The general’s peers lauded him as well-prepared for his new job.
“He’s one of the most pragmatic, thoughtful officers I know,” said Gen. David L. Goldfein, Brown’s predecessor and friend. “He’s one who will poke and prod and really take the time to listen to all elements of a particular issue. And then when he comes forward with a recommendation, you know it’s been really well thought-out.”
Joining the Air Force
Brown’s rise through the military can be traced back to Texas.
As the son of an Army officer, he lived in California, Virginia, Oklahoma and Germany. But he spent the most time in the Lone Star State and decided to attend Texas Tech University on a Reserve Officers’ Training Corps scholarship rather than accept offers to the Army and Air Force service academies.
Early in college, Brown wasn’t sure that ROTC life was for him. But he developed an interest in flying during summer camp after taking a ride in a T-37 jet used in training and pursued a career as a pilot.
In late 1986, when Brown was a lieutenant in fighter pilot training at MacDill Air Force Base in Florida, he visited family for the holidays outside Washington. An Air Force friend suggested they attend a New Year’s Eve party, and he hit it off with the host — Sharene.
He was about to be assigned as a new fighter pilot in South Korea, and she was preparing to take a job teaching English in Tokyo. They went on a couple of dates before each moving to Asia, visited each other abroad and got married 31 years ago at Fort Monroe, Va.
“I found out about a year ago that I actually crashed that party,” he said with a smile. “Because I was not invited.”
Brown was reassigned in 1988 to Homestead Air Force Base, Fla., where he served as an instructor pilot.
On Jan. 15, 1991, he and three other pilots were returning to the base south of Miami when they saw a flash of light — believed to be lightning — and heard an explosion.

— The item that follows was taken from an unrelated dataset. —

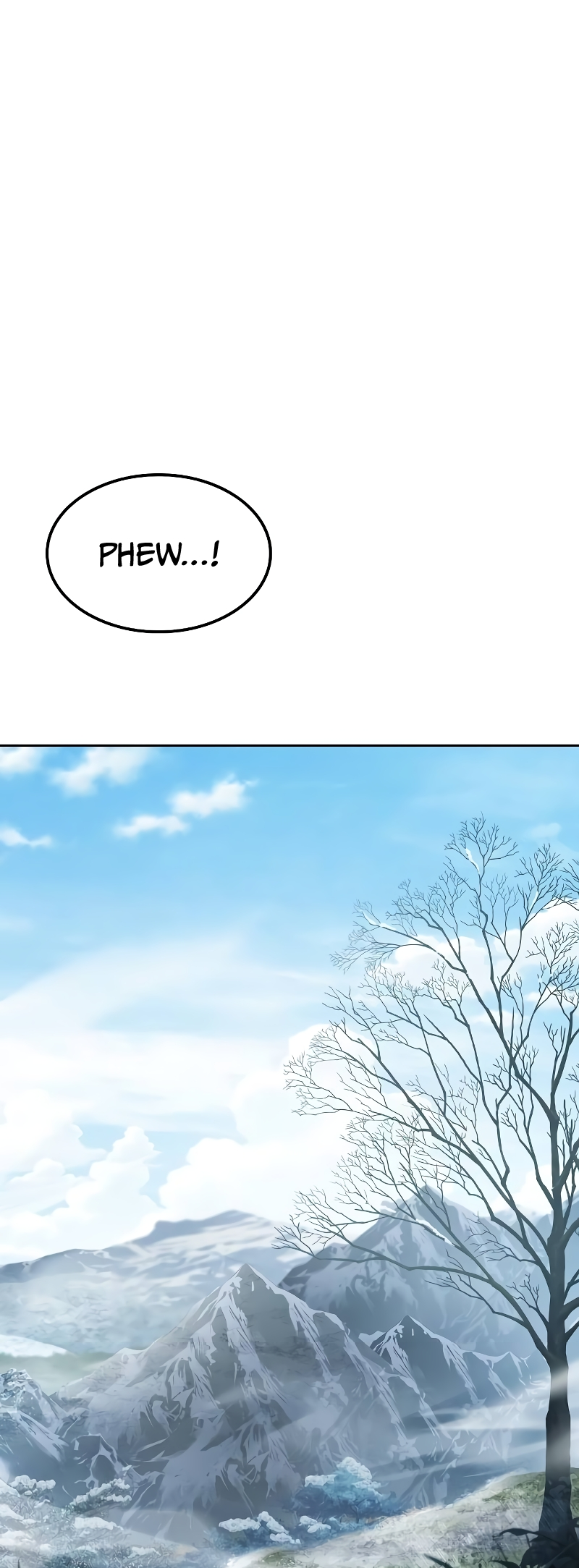 Page 2 of Chapter 46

The fuel tank attached to the bottom of Brown’s F-16 was destroyed, and a fire spread across his aircraft. He ejected at more than 300 mph, he said.
“Everything goes in slow motion,” said Brown, who was a captain at the time. “It was like ‘The Wizard of Oz.’ I could see the condensation come in, and I could see some papers flying. The next thing you know, you’re in the chute.”
Brown landed in a muddy marsh as his plane crashed elsewhere in the Everglades, according to an Air Force report detailing the incident. A Coast Guard helicopter picked him up, and he was back to flying a week later.
'He was calm, collected'
In following years, Brown earned a reputation as a thinker and a doer who would make changes that he saw as necessary, even if criticism might follow, said Jack Forsythe, a retired colonel who first met Brown at Homestead.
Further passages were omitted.